Recorded data:

____

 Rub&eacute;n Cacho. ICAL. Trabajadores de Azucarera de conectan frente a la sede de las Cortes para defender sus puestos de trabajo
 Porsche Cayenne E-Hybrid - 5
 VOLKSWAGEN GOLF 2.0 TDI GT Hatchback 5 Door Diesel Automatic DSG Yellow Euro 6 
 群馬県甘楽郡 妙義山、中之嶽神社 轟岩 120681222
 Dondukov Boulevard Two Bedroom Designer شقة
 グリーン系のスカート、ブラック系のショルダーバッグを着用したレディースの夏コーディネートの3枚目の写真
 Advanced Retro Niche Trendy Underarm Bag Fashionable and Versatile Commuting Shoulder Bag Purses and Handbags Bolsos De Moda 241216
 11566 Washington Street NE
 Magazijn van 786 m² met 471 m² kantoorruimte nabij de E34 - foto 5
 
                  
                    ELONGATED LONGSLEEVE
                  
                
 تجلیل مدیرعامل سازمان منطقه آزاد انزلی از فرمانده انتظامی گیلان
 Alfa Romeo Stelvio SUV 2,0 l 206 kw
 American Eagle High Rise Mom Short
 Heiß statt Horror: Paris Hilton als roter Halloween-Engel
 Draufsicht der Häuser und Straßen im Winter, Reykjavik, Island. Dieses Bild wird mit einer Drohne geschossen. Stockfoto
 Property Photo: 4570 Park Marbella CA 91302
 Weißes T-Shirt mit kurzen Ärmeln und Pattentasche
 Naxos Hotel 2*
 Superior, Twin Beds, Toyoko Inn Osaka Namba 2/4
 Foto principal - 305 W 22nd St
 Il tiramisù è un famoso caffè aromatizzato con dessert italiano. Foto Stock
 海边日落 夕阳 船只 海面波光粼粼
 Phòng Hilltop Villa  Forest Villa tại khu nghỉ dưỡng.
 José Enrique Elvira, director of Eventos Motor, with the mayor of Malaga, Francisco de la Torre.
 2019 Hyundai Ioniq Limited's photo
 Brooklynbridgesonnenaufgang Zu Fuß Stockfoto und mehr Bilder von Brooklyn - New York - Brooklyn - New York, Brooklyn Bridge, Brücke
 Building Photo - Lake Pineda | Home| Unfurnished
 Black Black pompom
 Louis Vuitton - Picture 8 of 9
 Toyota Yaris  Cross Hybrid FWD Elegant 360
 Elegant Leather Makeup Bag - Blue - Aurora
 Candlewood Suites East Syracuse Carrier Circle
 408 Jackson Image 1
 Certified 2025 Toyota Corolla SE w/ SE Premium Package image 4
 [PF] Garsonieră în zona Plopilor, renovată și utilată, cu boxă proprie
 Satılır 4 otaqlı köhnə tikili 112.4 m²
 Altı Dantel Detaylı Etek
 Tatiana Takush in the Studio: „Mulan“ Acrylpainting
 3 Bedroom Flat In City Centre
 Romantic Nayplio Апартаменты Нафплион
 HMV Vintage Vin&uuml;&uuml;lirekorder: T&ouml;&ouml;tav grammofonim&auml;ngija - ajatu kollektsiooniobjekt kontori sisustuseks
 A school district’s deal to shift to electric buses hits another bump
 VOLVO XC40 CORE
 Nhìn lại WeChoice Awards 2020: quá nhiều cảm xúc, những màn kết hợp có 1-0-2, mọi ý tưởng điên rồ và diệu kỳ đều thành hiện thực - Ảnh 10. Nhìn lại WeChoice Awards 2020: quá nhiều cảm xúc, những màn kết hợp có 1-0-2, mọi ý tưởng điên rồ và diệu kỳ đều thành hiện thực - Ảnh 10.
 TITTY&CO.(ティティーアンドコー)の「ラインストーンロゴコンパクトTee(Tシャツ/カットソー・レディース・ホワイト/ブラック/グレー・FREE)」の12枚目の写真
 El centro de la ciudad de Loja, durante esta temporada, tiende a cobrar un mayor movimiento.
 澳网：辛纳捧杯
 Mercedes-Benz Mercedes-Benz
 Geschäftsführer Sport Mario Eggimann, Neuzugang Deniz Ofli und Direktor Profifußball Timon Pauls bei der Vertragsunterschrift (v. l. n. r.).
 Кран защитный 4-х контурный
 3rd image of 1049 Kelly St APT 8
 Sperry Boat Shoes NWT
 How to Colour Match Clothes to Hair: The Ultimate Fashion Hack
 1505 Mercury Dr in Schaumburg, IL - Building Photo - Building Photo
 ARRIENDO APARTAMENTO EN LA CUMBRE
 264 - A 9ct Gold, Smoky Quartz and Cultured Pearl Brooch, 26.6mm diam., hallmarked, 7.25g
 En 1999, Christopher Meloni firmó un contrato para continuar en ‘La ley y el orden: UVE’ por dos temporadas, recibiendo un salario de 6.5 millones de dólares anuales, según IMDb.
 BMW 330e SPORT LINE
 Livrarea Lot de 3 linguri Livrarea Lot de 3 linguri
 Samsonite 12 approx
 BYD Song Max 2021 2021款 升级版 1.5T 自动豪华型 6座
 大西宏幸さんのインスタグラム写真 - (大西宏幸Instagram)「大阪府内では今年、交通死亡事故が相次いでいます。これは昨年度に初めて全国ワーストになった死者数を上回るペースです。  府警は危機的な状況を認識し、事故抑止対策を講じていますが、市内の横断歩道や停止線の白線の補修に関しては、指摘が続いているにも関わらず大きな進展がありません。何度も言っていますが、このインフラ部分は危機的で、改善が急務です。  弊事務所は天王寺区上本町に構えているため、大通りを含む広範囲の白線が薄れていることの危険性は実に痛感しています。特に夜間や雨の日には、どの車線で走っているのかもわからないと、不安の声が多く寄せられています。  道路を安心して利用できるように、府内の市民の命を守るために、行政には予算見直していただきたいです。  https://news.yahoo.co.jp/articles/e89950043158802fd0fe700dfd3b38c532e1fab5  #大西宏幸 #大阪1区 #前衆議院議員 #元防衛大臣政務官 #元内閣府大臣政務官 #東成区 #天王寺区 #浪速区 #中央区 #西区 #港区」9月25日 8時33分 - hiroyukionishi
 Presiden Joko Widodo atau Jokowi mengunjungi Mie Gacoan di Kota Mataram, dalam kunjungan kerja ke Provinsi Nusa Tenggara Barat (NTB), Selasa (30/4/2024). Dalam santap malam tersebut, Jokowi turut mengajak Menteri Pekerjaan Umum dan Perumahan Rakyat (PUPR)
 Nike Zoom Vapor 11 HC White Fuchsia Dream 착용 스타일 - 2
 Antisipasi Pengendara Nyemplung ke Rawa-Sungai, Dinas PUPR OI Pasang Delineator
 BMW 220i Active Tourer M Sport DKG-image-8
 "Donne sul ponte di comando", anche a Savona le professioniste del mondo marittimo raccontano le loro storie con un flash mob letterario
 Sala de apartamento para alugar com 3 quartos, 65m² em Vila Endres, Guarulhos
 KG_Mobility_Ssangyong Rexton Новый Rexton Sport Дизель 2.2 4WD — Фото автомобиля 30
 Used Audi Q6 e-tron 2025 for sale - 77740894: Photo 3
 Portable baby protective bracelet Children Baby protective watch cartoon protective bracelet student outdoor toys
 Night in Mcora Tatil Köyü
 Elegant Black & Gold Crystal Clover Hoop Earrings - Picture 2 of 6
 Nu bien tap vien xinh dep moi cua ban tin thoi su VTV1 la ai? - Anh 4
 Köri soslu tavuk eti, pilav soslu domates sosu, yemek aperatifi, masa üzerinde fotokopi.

____

* **Your goal**:
From start to finish, retype the records above with complete accuracy.

* **Result of the task**:
 Rub&eacute;n Cacho. ICAL. Trabajadores de Azucarera de conectan frente a la sede de las Cortes para defender sus puestos de trabajo
 Porsche Cayenne E-Hybrid - 5
 VOLKSWAGEN GOLF 2.0 TDI GT Hatchback 5 Door Diesel Automatic DSG Yellow Euro 6 
 群馬県甘楽郡 妙義山、中之嶽神社 轟岩 120681222
 Dondukov Boulevard Two Bedroom Designer شقة
 グリーン系のスカート、ブラック系のショルダーバッグを着用したレディースの夏コーディネートの3枚目の写真
 Advanced Retro Niche Trendy Underarm Bag Fashionable and Versatile Commuting Shoulder Bag Purses and Handbags Bolsos De Moda 241216
 11566 Washington Street NE
 Magazijn van 786 m² met 471 m² kantoorruimte nabij de E34 - foto 5
 
                  
                    ELONGATED LONGSLEEVE
                  
                
 تجلیل مدیرعامل سازمان منطقه آزاد انزلی از فرمانده انتظامی گیلان
 Alfa Romeo Stelvio SUV 2,0 l 206 kw
 American Eagle High Rise Mom Short
 Heiß statt Horror: Paris Hilton als roter Halloween-Engel
 Draufsicht der Häuser und Straßen im Winter, Reykjavik, Island. Dieses Bild wird mit einer Drohne geschossen. Stockfoto
 Property Photo: 4570 Park Marbella CA 91302
 Weißes T-Shirt mit kurzen Ärmeln und Pattentasche
 Naxos Hotel 2*
 Superior, Twin Beds, Toyoko Inn Osaka Namba 2/4
 Foto principal - 305 W 22nd St
 Il tiramisù è un famoso caffè aromatizzato con dessert italiano. Foto Stock
 海边日落 夕阳 船只 海面波光粼粼
 Phòng Hilltop Villa  Forest Villa tại khu nghỉ dưỡng.
 José Enrique Elvira, director of Eventos Motor, with the mayor of Malaga, Francisco de la Torre.
 2019 Hyundai Ioniq Limited's photo
 Brooklynbridgesonnenaufgang Zu Fuß Stockfoto und mehr Bilder von Brooklyn - New York - Brooklyn - New York, Brooklyn Bridge, Brücke
 Building Photo - Lake Pineda | Home| Unfurnished
 Black Black pompom
 Louis Vuitton - Picture 8 of 9
 Toyota Yaris  Cross Hybrid FWD Elegant 360
 Elegant Leather Makeup Bag - Blue - Aurora
 Candlewood Suites East Syracuse Carrier Circle
 408 Jackson Image 1
 Certified 2025 Toyota Corolla SE w/ SE Premium Package image 4
 [PF] Garsonieră în zona Plopilor, renovată și utilată, cu boxă proprie
 Satılır 4 otaqlı köhnə tikili 112.4 m²
 Altı Dantel Detaylı Etek
 Tatiana Takush in the Studio: „Mulan“ Acrylpainting
 3 Bedroom Flat In City Centre
 Romantic Nayplio Апартаменты Нафплион
 HMV Vintage Vin&uuml;&uuml;lirekorder: T&ouml;&ouml;tav grammofonim&auml;ngija - ajatu kollektsiooniobjekt kontori sisustuseks
 A school district’s deal to shift to electric buses hits another bump
 VOLVO XC40 CORE
 Nhìn lại WeChoice Awards 2020: quá nhiều cảm xúc, những màn kết hợp có 1-0-2, mọi ý tưởng điên rồ và diệu kỳ đều thành hiện thực - Ảnh 10. Nhìn lại WeChoice Awards 2020: quá nhiều cảm xúc, những màn kết hợp có 1-0-2, mọi ý tưởng điên rồ và diệu kỳ đều thành hiện thực - Ảnh 10.
 TITTY&CO.(ティティーアンドコー)の「ラインストーンロゴコンパクトTee(Tシャツ/カットソー・レディース・ホワイト/ブラック/グレー・FREE)」の12枚目の写真
 El centro de la ciudad de Loja, durante esta temporada, tiende a cobrar un mayor movimiento.
 澳网：辛纳捧杯
 Mercedes-Benz Mercedes-Benz
 Geschäftsführer Sport Mario Eggimann, Neuzugang Deniz Ofli und Direktor Profifußball Timon Pauls bei der Vertragsunterschrift (v. l. n. r.).
 Кран защитный 4-х контурный
 3rd image of 1049 Kelly St APT 8
 Sperry Boat Shoes NWT
 How to Colour Match Clothes to Hair: The Ultimate Fashion Hack
 1505 Mercury Dr in Schaumburg, IL - Building Photo - Building Photo
 ARRIENDO APARTAMENTO EN LA CUMBRE
 264 - A 9ct Gold, Smoky Quartz and Cultured Pearl Brooch, 26.6mm diam., hallmarked, 7.25g
 En 1999, Christopher Meloni firmó un contrato para continuar en ‘La ley y el orden: UVE’ por dos temporadas, recibiendo un salario de 6.5 millones de dólares anuales, según IMDb.
 BMW 330e SPORT LINE
 Livrarea Lot de 3 linguri Livrarea Lot de 3 linguri
 Samsonite 12 approx
 BYD Song Max 2021 2021款 升级版 1.5T 自动豪华型 6座
 大西宏幸さんのインスタグラム写真 - (大西宏幸Instagram)「大阪府内では今年、交通死亡事故が相次いでいます。これは昨年度に初めて全国ワーストになった死者数を上回るペースです。  府警は危機的な状況を認識し、事故抑止対策を講じていますが、市内の横断歩道や停止線の白線の補修に関しては、指摘が続いているにも関わらず大きな進展がありません。何度も言っていますが、このインフラ部分は危機的で、改善が急務です。  弊事務所は天王寺区上本町に構えているため、大通りを含む広範囲の白線が薄れていることの危険性は実に痛感しています。特に夜間や雨の日には、どの車線で走っているのかもわからないと、不安の声が多く寄せられています。  道路を安心して利用できるように、府内の市民の命を守るために、行政には予算見直していただきたいです。  https://news.yahoo.co.jp/articles/e89950043158802fd0fe700dfd3b38c532e1fab5  #大西宏幸 #大阪1区 #前衆議院議員 #元防衛大臣政務官 #元内閣府大臣政務官 #東成区 #天王寺区 #浪速区 #中央区 #西区 #港区」9月25日 8時33分 - hiroyukionishi
 Presiden Joko Widodo atau Jokowi mengunjungi Mie Gacoan di Kota Mataram, dalam kunjungan kerja ke Provinsi Nusa Tenggara Barat (NTB), Selasa (30/4/2024). Dalam santap malam tersebut, Jokowi turut mengajak Menteri Pekerjaan Umum dan Perumahan Rakyat (PUPR)
 Nike Zoom Vapor 11 HC White Fuchsia Dream 착용 스타일 - 2
 Antisipasi Pengendara Nyemplung ke Rawa-Sungai, Dinas PUPR OI Pasang Delineator
 BMW 220i Active Tourer M Sport DKG-image-8
 "Donne sul ponte di comando", anche a Savona le professioniste del mondo marittimo raccontano le loro storie con un flash mob letterario
 Sala de apartamento para alugar com 3 quartos, 65m² em Vila Endres, Guarulhos
 KG_Mobility_Ssangyong Rexton Новый Rexton Sport Дизель 2.2 4WD — Фото автомобиля 30
 Used Audi Q6 e-tron 2025 for sale - 77740894: Photo 3
 Portable baby protective bracelet Children Baby protective watch cartoon protective bracelet student outdoor toys
 Night in Mcora Tatil Köyü
 Elegant Black & Gold Crystal Clover Hoop Earrings - Picture 2 of 6
 Nu bien tap vien xinh dep moi cua ban tin thoi su VTV1 la ai? - Anh 4
 Köri soslu tavuk eti, pilav soslu domates sosu, yemek aperatifi, masa üzerinde fotokopi.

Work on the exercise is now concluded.